*WHAT THE EXERCISE ASKS:* Starting at the line that contains "minieme001 online show" and stopping at the line that contains "Александр Лукашенко (справа)", transcribe every line of the material below exactly; pictures stay out.

*EXERCISE MATERIAL:*
--*--

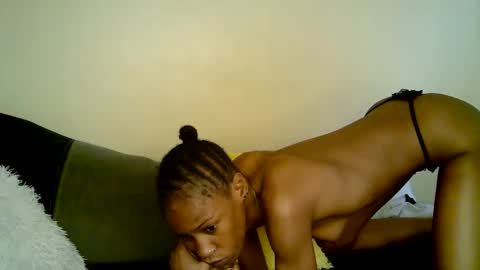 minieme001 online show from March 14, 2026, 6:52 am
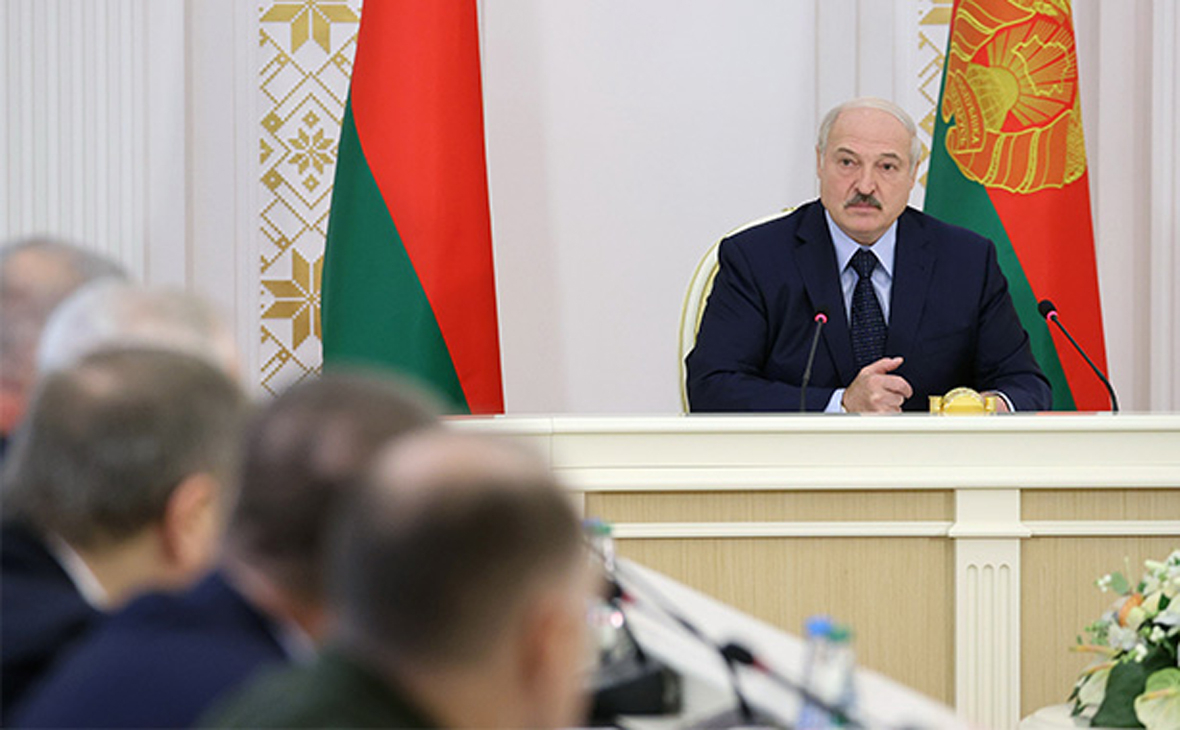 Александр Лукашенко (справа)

--*--

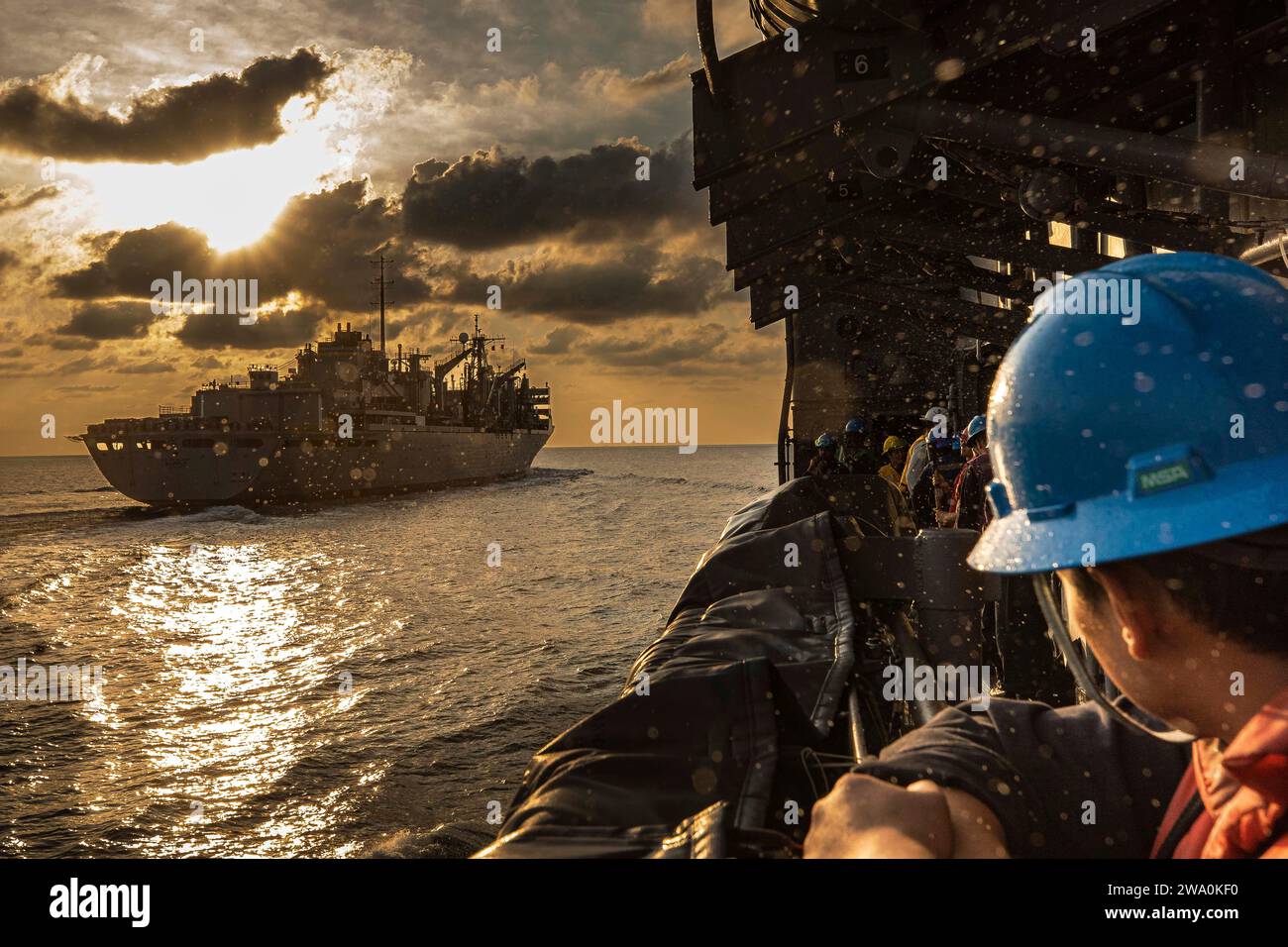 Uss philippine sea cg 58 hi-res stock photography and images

--*--

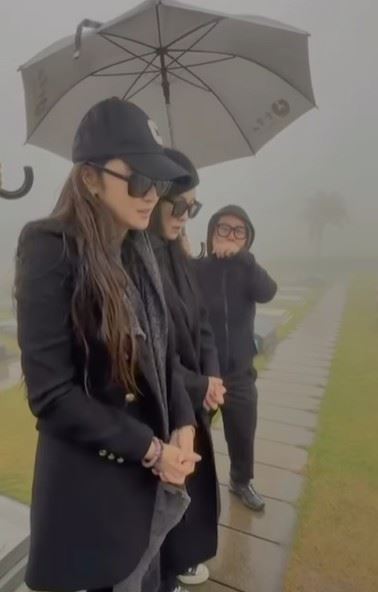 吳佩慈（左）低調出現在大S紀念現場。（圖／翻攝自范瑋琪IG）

--*--

*SOLUTION:*
 minieme001 online show from March 14, 2026, 6:52 am
 Александр Лукашенко (справа)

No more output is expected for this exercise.